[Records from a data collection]
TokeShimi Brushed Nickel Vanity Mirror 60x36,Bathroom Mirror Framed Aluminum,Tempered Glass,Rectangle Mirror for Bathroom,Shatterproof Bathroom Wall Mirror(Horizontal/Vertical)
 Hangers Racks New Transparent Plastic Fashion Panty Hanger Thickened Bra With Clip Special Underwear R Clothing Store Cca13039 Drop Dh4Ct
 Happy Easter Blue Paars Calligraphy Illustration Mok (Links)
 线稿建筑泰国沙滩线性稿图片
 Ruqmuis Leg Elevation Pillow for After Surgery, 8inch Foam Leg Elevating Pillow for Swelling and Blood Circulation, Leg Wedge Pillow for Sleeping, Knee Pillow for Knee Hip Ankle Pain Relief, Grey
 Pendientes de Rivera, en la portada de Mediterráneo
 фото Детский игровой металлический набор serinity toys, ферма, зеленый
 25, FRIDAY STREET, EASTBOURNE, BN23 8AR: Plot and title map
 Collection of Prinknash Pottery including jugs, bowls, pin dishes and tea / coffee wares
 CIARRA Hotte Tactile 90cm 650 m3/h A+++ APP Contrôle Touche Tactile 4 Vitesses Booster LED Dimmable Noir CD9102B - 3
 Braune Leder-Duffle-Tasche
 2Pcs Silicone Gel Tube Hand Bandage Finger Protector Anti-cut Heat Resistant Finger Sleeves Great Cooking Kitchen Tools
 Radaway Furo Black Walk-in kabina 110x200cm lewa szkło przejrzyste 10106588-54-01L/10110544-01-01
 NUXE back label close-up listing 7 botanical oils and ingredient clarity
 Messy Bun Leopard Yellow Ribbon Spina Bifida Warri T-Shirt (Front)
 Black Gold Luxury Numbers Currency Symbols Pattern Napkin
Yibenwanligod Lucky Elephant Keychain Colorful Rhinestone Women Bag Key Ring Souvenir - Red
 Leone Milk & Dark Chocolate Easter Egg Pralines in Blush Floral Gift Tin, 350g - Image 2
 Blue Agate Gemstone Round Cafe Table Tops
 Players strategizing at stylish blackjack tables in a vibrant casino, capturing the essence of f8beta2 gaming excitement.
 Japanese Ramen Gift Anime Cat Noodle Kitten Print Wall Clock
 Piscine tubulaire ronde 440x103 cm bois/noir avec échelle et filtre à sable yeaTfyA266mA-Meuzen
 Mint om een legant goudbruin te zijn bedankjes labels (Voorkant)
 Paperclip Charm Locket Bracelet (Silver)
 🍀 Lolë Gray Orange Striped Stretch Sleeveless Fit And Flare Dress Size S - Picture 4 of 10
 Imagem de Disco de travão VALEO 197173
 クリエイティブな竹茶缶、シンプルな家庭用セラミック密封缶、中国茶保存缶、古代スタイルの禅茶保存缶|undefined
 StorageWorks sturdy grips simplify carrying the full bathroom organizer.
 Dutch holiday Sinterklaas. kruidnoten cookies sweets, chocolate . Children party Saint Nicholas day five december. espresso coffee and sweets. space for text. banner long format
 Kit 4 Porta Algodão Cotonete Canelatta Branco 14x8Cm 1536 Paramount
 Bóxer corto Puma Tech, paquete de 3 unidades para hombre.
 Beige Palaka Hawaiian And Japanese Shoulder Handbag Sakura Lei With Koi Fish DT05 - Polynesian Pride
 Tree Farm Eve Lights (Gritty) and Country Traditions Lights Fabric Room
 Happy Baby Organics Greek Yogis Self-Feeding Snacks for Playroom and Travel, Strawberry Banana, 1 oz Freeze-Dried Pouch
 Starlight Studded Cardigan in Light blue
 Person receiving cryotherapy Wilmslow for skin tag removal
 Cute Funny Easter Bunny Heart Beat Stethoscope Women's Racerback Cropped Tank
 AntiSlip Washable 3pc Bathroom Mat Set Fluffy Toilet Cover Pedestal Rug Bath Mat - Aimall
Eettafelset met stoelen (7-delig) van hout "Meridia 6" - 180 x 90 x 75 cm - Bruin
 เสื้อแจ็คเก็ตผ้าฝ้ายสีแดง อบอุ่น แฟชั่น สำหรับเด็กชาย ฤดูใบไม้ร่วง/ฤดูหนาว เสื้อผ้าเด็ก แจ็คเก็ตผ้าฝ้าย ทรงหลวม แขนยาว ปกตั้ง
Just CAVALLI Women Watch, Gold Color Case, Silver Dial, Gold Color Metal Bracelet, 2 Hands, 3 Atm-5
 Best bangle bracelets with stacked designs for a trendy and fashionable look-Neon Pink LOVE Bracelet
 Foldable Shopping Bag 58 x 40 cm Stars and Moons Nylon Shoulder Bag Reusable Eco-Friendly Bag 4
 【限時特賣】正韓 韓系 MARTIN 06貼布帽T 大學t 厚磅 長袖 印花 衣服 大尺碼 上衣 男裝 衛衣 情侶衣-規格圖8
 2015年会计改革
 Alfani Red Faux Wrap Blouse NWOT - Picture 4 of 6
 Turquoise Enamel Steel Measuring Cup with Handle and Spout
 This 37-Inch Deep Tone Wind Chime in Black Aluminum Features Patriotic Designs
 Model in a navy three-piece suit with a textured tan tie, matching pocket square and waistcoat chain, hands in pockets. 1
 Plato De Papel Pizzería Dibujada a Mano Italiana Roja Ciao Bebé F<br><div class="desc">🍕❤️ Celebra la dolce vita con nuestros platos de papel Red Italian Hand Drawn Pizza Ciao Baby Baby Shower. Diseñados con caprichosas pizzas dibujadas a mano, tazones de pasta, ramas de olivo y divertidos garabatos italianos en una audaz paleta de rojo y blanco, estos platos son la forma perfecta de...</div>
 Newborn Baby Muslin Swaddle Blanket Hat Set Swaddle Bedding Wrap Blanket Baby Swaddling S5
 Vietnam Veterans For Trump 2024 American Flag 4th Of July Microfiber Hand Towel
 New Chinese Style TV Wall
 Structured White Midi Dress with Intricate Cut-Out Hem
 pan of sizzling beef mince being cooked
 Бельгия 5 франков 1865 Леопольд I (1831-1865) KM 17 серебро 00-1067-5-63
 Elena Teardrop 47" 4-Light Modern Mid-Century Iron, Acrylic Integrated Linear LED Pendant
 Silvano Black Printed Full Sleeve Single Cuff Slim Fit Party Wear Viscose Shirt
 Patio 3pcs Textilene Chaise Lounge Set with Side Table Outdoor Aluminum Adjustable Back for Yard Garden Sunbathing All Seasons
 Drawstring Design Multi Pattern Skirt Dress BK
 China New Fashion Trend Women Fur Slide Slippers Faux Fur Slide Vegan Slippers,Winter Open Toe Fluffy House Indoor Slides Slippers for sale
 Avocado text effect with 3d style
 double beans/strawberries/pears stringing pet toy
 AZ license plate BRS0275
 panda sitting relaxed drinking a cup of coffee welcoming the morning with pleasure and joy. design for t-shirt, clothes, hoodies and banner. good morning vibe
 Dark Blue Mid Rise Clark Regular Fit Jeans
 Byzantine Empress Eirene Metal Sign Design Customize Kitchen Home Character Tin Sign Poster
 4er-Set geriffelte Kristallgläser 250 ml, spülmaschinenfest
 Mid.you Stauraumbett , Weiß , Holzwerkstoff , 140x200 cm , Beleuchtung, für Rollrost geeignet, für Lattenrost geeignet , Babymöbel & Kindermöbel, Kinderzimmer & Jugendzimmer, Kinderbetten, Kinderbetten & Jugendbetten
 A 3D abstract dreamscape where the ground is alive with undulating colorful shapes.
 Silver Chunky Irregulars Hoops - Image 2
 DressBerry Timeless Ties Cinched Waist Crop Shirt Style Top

Exercise — Print only these lines, please. They run from the start of the entries above to the line containing "线稿建筑泰国沙滩线性稿图片", both ends included, and must match exactly.

Answer area —
TokeShimi Brushed Nickel Vanity Mirror 60x36,Bathroom Mirror Framed Aluminum,Tempered Glass,Rectangle Mirror for Bathroom,Shatterproof Bathroom Wall Mirror(Horizontal/Vertical)
 Hangers Racks New Transparent Plastic Fashion Panty Hanger Thickened Bra With Clip Special Underwear R Clothing Store Cca13039 Drop Dh4Ct
 Happy Easter Blue Paars Calligraphy Illustration Mok (Links)
 线稿建筑泰国沙滩线性稿图片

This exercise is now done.